Happy people tended to become richer and were more likely to find love in a steady relationship - rather than the other way around.
A study of 8,000 people who were questioned repeatedly about their lives during the course of the 1990s found that even massive increases in wealth led to only minuscule increases in happiness.
People whose incomes doubled reported an increase of just 0.1 on a scale from one to 10. "It is more the case that happy people become richer than the other way round," the academics found.
They said this meant that an individual would need an 800,000 per cent pay rise to gain even one notch up the happiness ladder.
"This in itself raises the question of why people expend so much effort on obtaining more income," they said. Their report is published today in the official journal of the UK's Royal Economics Society.
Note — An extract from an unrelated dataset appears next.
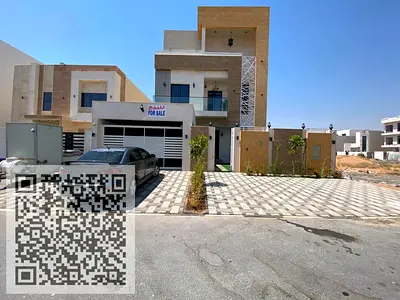 **Luxury VIP 5 Master Bedroom Villa for Sale in Al Helio 2 Ajman | Private Pool & Modern Design**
They said they support theview that people get trapped on a treadmill chasing goals that cease to be satisfying once reached. "Is there perhaps more to individual choice than happiness?" ask the authors, Ada Ferrer-i-Carbonell of the University of Amsterdam and Paul Frijters of Australian National University
And while their research confirmed that people in steady relationships were happier - it was those who were by nature upbeat who were more likely to find a partner in the first place.
"It has been said that those with steady partners are happier, therefore steady partnerships make you happy," they said. "This neglects the real possibility that people with steady partners may have been happy before they found them and that it is indeed relatively happy people for whom it is easier to find steady partners."